Mary: “The beatings will continue until morale improves.” Let’s look at the regulatory process. The regulatory (survey) experience depends, to a great extent, on which state a facility resides in. With over 753 pages of regulations and interpretive guidelines, nursing homes in this nation are 92% compliant with all these requirements. On average, a nursing home receives eight deficiencies per survey, meaning they are 92% compliant. If we could reverse the language, it would make a huge difference.

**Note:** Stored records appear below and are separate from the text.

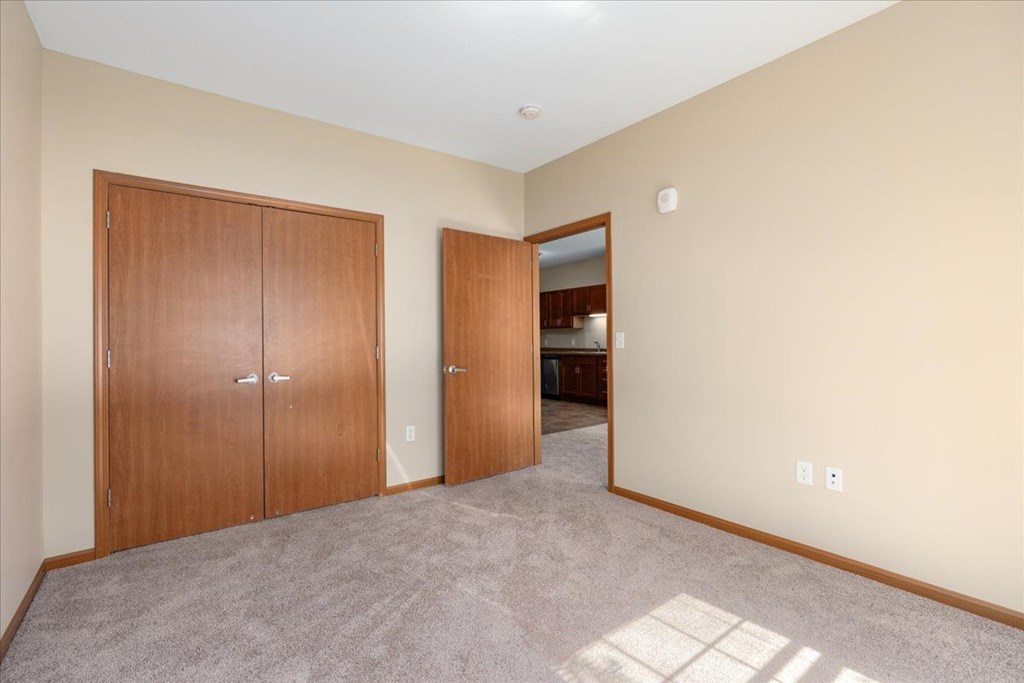 A room with two doors and a carpeted floor.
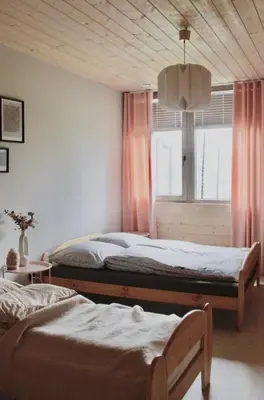 a bedroom with two beds and a window at Poczywaj in Jordanów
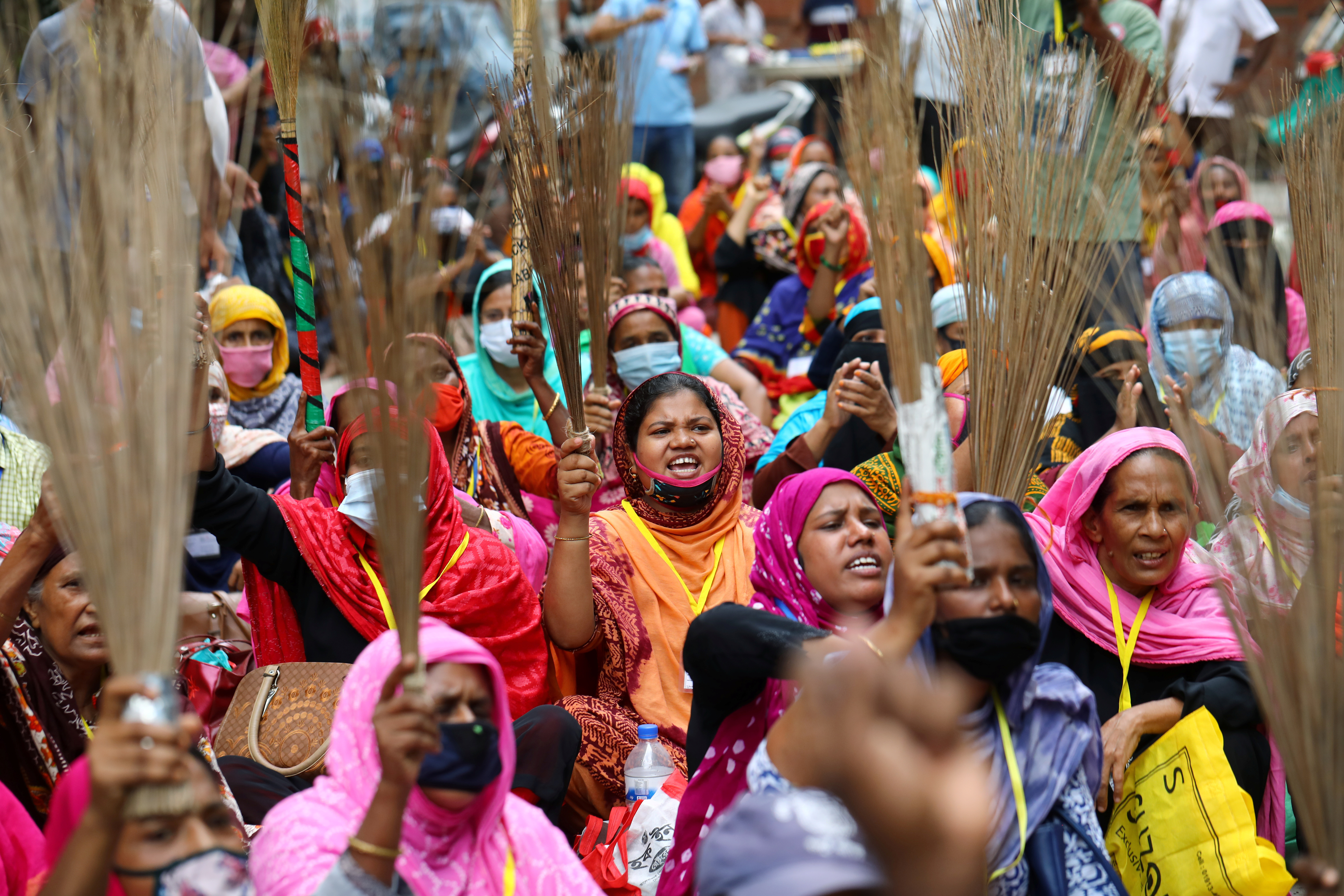 Garment workers shout slogans while holding brooms during a protest demanding their due wages in Dhaka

David: Deficiencies are not about quality improvement or quality assurance. We absolutely need a system-wide approach to address some of the challenges, but more survey/regulation is not the answer. I worry a lot about some of the measures in the proposed rule, such as healthcare-associated infections (HAI). This is a really challenging measure to risk adjust, which the rule acknowledges.
The more things change …
Despite everything real or imagined, none of the mighty three on the LTC 100 panel felt that the industry would be allowed to fail. We did acknowledge that there would likely be significant closures of nursing homes — perhaps as much as 20% — over the next year and beyond, and that the industry landscape might look very different than what exists today. However, the consensus was clear: Skilled nursing facilities and nursing homes are vital to our society. Whatever we become, we will continue to fulfill an essential need and contribute to the well-being of our nation’s elders.
Steven Littlehale is a gerontological clinical nurse specialist and chief innovation officer at Zimmet Healthcare Services Group.